Domingo de Ramos 2025
A procissão deste ano caminhou sob um céu diferente.
Não era azul como no ano passado. Havia serração, uma garoa que vinha e ia como se o céu estivesse indeciso entre chorar e abençoar. O frio leve colava nas roupas, na pele, nas palavras que saíam das bocas entre rezas sussurradas. Era um dia nublado — mas não era um dia apagado. A fé continuava acesa, firme como as mãos que seguravam os ramos. Mas pela primeira vez, notei outros olhos. Olhos que não caminhavam conosco. Julgavam à distância. Um homem, da janela de um carro, gritou: “Vão arranjar o que fazer!” — como se a oração fosse o oposto de ação. Como se caminhar em nome da fé fosse perda de tempo. Riram. Alguns. Não muitos. E mesmo assim, seguimos.
Eu notei a bainha da calça da moça à minha frente, completamente encharcada da chuva, pesando nos passos. Mas ela não parou. Notei uma criança no colo do pai, cansada, mas olhando o mundo com olhos grandes e brilhantes, como se entendesse tudo sem entender nada.

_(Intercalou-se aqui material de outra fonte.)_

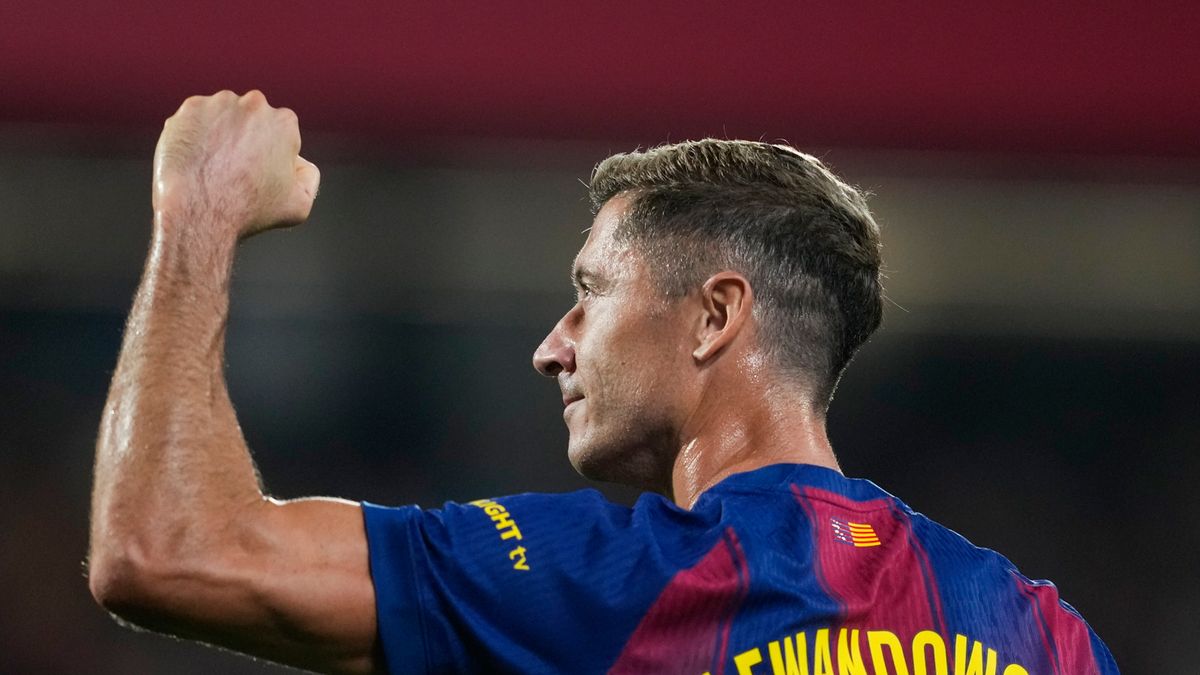 PAP/EPA / Alejandro Garcia / Na zdjęciu: Robert Lewandowski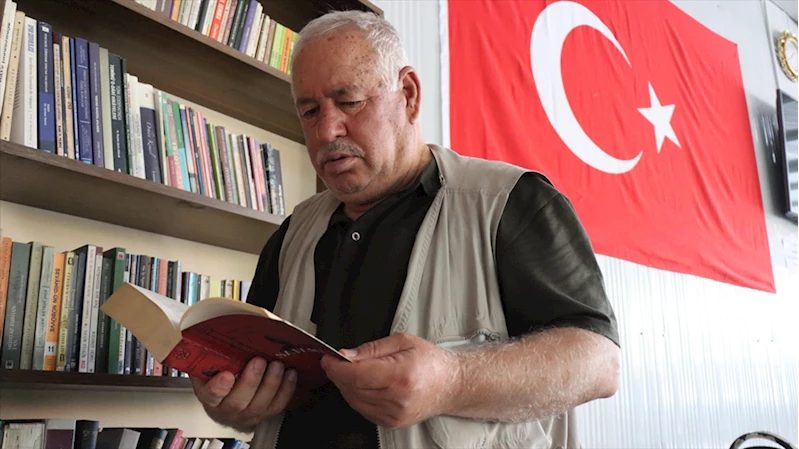 Kitapla buluşturulan cami altındaki çay ocağı adeta kültür merkezine dönüştü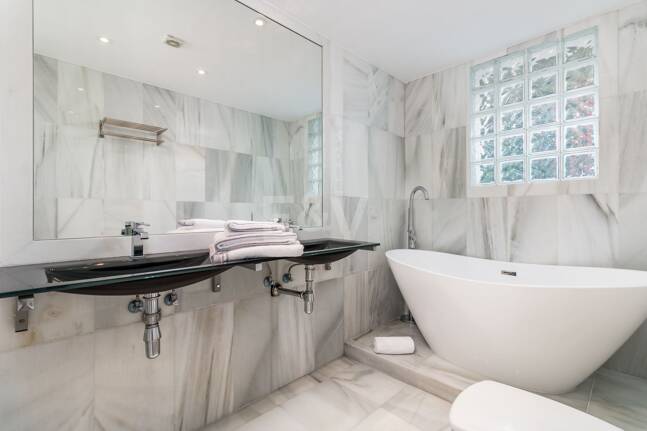 Estilosa casa en Nueva Andalucía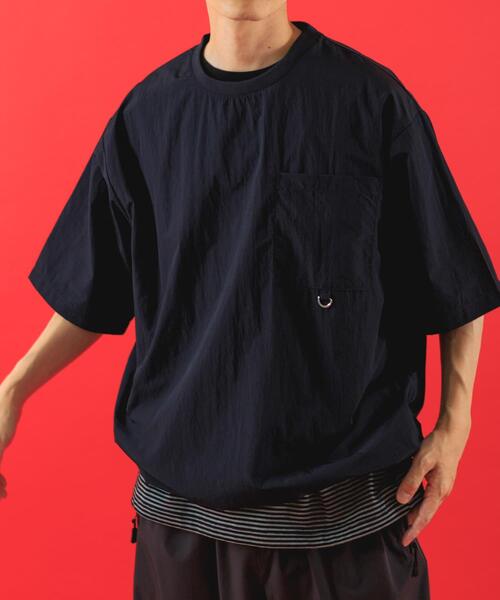 ITEMS URBANRESEARCH（アイテムズ アーバンリサーチ）の「『接触冷感/撥水/イージーケア/UVカット』タスランナイロンクルーネックドロストTシャツ（Tシャツ/カットソー・メンズ・ベージュ系その他/チャコールグレー/ブラック・MEDIUM/LARGE）」の5枚目の写真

Como se apenas sentisse.
Nas varandas, nos apartamentos, nos quartos de hotel, gente observava. Alguns em silêncio, outros em prece. Um casal se abraçava na janela, ouvindo as orações como se fossem uma música distante que toca o coração mesmo sem saber a letra.
O cheiro de mirra flutuava no ar, misturado ao frio. Pássaros cantavam, talvez por costume, talvez por fé também. E o sino da Igreja São Pedro tocava ao longe, chamando todos para a missa. E cada badalada parecia lavar um pouco da tristeza, das dúvidas, da chuva.
Talvez seja isso que a fé faz: chama pra dentro, mesmo quando lá fora o mundo parece rir.